Re: Instrumentation and RCU

From: Mathieu Desnoyers <mathieu.desnoyers@efficios.com>
To: Thomas Gleixner <tglx@linutronix.de>
Cc: linux-kernel <linux-kernel@vger.kernel.org>,
	Peter Zijlstra <peterz@infradead.org>,
	rostedt <rostedt@goodmis.org>,
	Masami Hiramatsu <mhiramat@kernel.org>,
	Alexei Starovoitov <ast@kernel.org>, paulmck <paulmck@kernel.org>,
	"Joel Fernandes, Google" <joel@joelfernandes.org>,
	Frederic Weisbecker <frederic@kernel.org>
Subject: Re: Instrumentation and RCU
Date: Tue, 10 Mar 2020 11:03:15 -0400 (EDT)	[thread overview]
Message-ID: <1489283504.23399.1583852595008.JavaMail.zimbra@efficios.com> (raw)
In-Reply-To: <871rq171ca.fsf@nanos.tec.linutronix.de>

----- On Mar 9, 2020, at 3:52 PM, Thomas Gleixner tglx@linutronix.de wrote:

> Mathieu Desnoyers <mathieu.desnoyers@efficios.com> writes:
>> ----- On Mar 9, 2020, at 1:02 PM, Thomas Gleixner tglx@linutronix.de wrote:
[...]
> 
>>> #3) RCU idle
>>>    are really more than questionable.
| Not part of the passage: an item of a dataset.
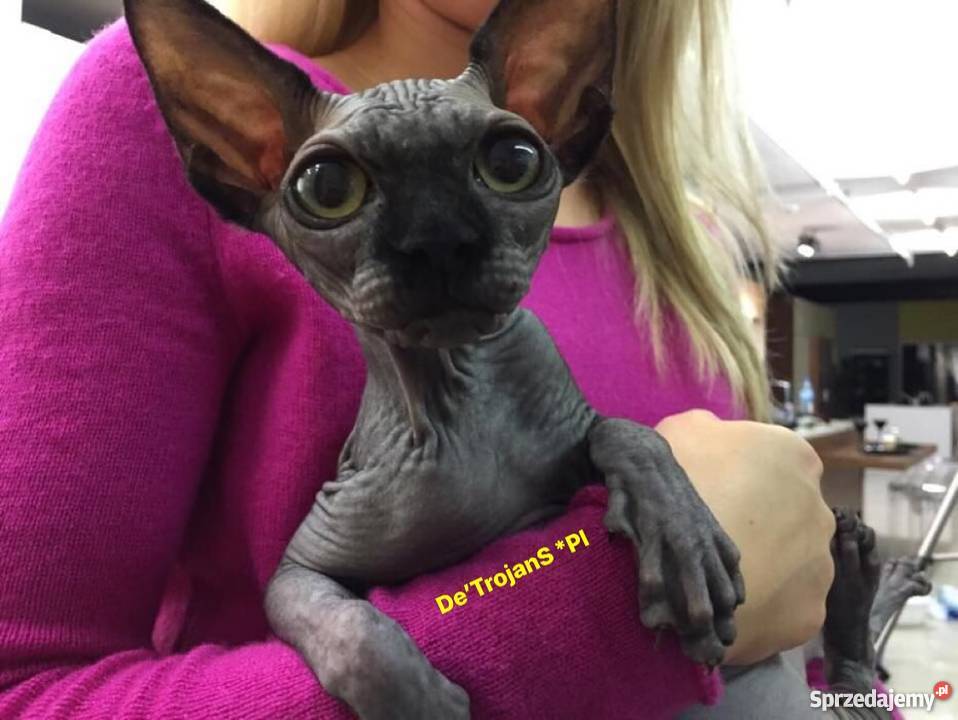 SPHYNX CANADIAN Sfinks Kanada Warszawa Sosnowiec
For 99.9999% of instrumentation
>>>    users it's absolutely irrelevant whether this traces the interrupt
>>>    disabled time of user_exit_irqsoff() or rcu_irq_enter() or not.
>>> 
>>>    But what's relevant is the tracer overhead which is e.g. inflicted
>>>    with todays trace_hardirqs_off/on() implementation because that
>>>    unconditionally uses the rcuidle variant with the scru/rcu_irq dance
>>>    around every tracepoint.
>>
>> I think one of the big issues here is that most of the uses of
>> trace_hardirqs_off() are from sites which already have RCU watching,
>> so we are doing heavy-weight operations for nothing.
> 
> That and in some places in the entry code we do the heavy weight
> operations to cover 100 instructions which turn on RCU anyway. That does
> not make any sense at all.
> 
>> I strongly suspect that most of the overhead we've been trying to avoid when
>> introducing use of SRCU in rcuidle tracepoints was actually caused by callsites
>> which use rcuidle tracepoints while having RCU watching, just because there is a
>> handful of callsites which don't have RCU watching. This is confirmed
>> by the commit message of commit e6753f23d9 "tracepoint: Make rcuidle
>> tracepoint callers use SRCU":
>>
>>    "In recent tests with IRQ on/off tracepoints, a large performance
>>     overhead ~10% is noticed when running hackbench. This is root caused to
>>     calls to rcu_irq_enter_irqson and rcu_irq_exit_irqson from the
>>     tracepoint code. Following a long discussion on the list [1] about this,
>>     we concluded that srcu is a better alternative for use during rcu idle.
>>     Although it does involve extra barriers, its lighter than the sched-rcu
>>     version which has to do additional RCU calls to notify RCU idle about
>>     entry into RCU sections.
>> [...]
>>     Test: Tested idle and preempt/irq tracepoints."
> 
> In a quick test I did with a invalid syscall number with profiling the
> trace_hardirqs_off() is pretty prominent and goes down by roughly a
> factor of 2 when I move it past enter_from_user_mode() and use just the
> non RCU idle variant.

I think one issue here is that trace_hardirqs_off() is now shared between
lockdep and tracing. For lockdep, we have the following comment:

        /*
         * IRQ from user mode.
         *
         * We need to tell lockdep that IRQs are off.  We can't do this until
         * we fix gsbase, and we should do it before enter_from_user_mode
         * (which can take locks).  Since TRACE_IRQS_OFF is idempotent,
         * the simplest way to handle it is to just call it twice if
         * we enter from user mode.  There's no reason to optimize this since
         * TRACE_IRQS_OFF is a no-op if lockdep is off.
         */
        TRACE_IRQS_OFF

        CALL_enter_from_user_mode

1:
        ENTER_IRQ_STACK old_rsp=%rdi save_ret=1
        /* We entered an interrupt context - irqs are off: */
        TRACE_IRQS_OFF

which seems to imply that lockdep requires TRACE_IRQS_OFF to be performed
_before_ entering from usermode. I don't expect this to be useful at all for
other tracers though. I think this should be replaced by a new e.g.
LOCKDEP_ENTER_FROM_USER_MODE or such which would call into lockdep without
calling other tracers.

> 
>> So I think we could go back to plain RCU for rcuidle tracepoints if we do
>> the cheaper "rcu_is_watching()" check rather than invoking
>> rcu_irq_{enter,exit}_irqson() unconditionally.
> 
> Haven't tried that yet for the overall usage of trace_hardirqs_off(),
> but yes, it's going to be a measurable difference.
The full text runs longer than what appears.